At step 408, the electronic musical instrument 10 receives preferences from the player. The player preferences can include, but not restricted to, a musical scale, a name, a change in attitude mode, a rate of change in attitude mode, and the like. In the exemplary scenario, the player selects a rate of change in attitude mode. In some embodiments, the player can provide the preferences by using the touch screen 20 of the electronic musical instrument 10.

Next, at step 410, the electronic musical instrument 10 generates signals based on the measured rate of change in attitude of the electronic musical instrument 10 and the player's preferences. The generated signals are then used to control the musical parameters of the electronic musical instrument 10. As discussed, examples of the musical parameters can include, but not restricted to, pitch, amplitude, timbre, vibrato, tremolo, and the like.

Further, at step 412, the electronic musical instrument 10 generates audio signals based on the controlled musical parameters. In some embodiments, the electronic musical instrument 10 first generates electrical audio signals based on the signals generated by the electronic musical instrument 10. Then the generated electrical audio signals are converted to the acoustic sounds.

As a result, the movement of the electronic musical instrument 10 in the player's hand is measured and based on the movement of the electronic musical instrument 10, sounds are generated.

IV. Exemplary Scenario

FIG. 5A illustrates an exploded view of the electronic musical instrument 10.

In some embodiments, the electronic musical instrument 10 can include a touch screen 38, such as the touch screen 20. The electronic musical instrument 10 further includes a speaker 42 in order to provide audio output to the player.

The electronic musical instrument 10 can also include a trigger 44 that can be used to alter the pitch of musical notes in the electronic musical instrument 10. In some embodiments, the trigger 44 can enable the player to adjust the musical tones while playing the electronic musical instrument 10 by using a two-state trigger response. The trigger 44 can be configured to change the state of the musical tone from one state to another state, for example, from the ‘rest’ state to a ‘up’ position. In some alternate embodiments, the trigger 44 can enable the player to adjust the musical tones while playing the electronic musical instrument 10 by using a continuously variable trigger response.

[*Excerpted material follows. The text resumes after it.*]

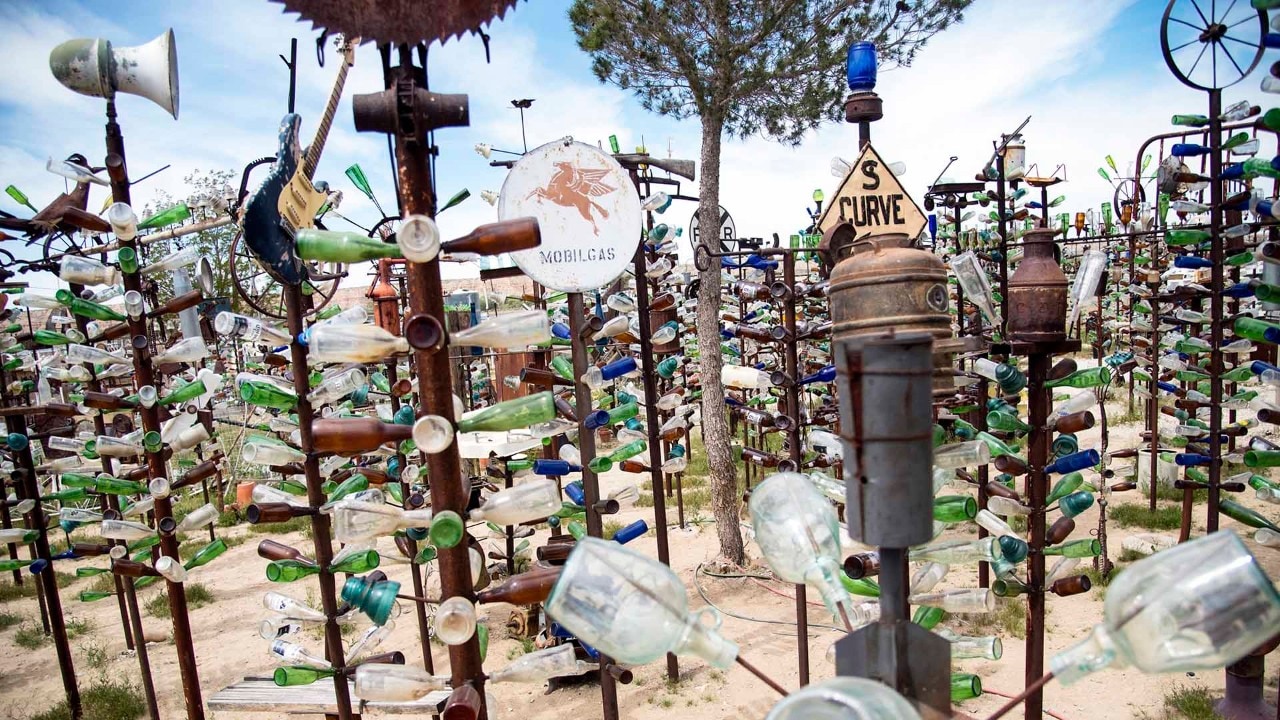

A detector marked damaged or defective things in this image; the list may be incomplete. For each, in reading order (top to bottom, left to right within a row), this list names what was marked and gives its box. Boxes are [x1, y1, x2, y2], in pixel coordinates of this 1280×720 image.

In some embodiments, the triggering state can be affected when the attitude of the electronic musical instrument 10 changes by the motion of the electronic musical instrument 10. However, other embodiments are intended to include or otherwise cover any type of trigger response that may be beneficial to trigger the electronic musical instrument 10. In some embodiments, the trigger 44 can be a push button. In some alternate embodiments, the trigger 44 can be a touch button. However, other embodiments are intended to include or otherwise cover any type of buttons that may be beneficial.

Further, the functioning of components of the electronic musical instrument 10 are described in detail below in conjunction with FIG. 7.

FIG. 5B illustrates a perspective view of the electronic musical instrument 10 in accordance with an embodiment of the present invention. The electronic musical instrument 10 can include a touch screen 38, such as the touch screen 20. The electronic musical instrument 10 can also include a hand grip 40 so that the player can easily hold the electronic musical instrument 10 in the hand. In some embodiments, the electronic musical instrument 10 can also include, but not restricted to, a microphone (not shown), in order to receive voice inputs from the player. In some alternate embodiments, the electronic musical instrument 10 can include, but not restricted to, a camera (not shown), in order to receive inputs based on the facial expression of the player. The facial expression and its associated input can be stored in the database 28 of the electronic musical instrument 10.

FIG. 5C illustrates a perspective view of the electronic musical instrument 10 in accordance with an embodiment of the present invention. The electronic musical instrument 10 further includes a speaker 42 in order to provide audio output to the player. FIG. 5D illustrates a side view of the electronic musical instrument 10 illustrating the hand grip 40 in accordance with an embodiment of the present invention.

In some embodiments, a power button (not shown) can be configured to switch-on and/or switch-off the electronic musical instrument 10. In some embodiments, the power button can be a push button. In some alternate embodiments, the power button can be a touch button. However, other embodiments are intended to include or otherwise cover any type of buttons that may be beneficial to power the electronic musical instrument 10.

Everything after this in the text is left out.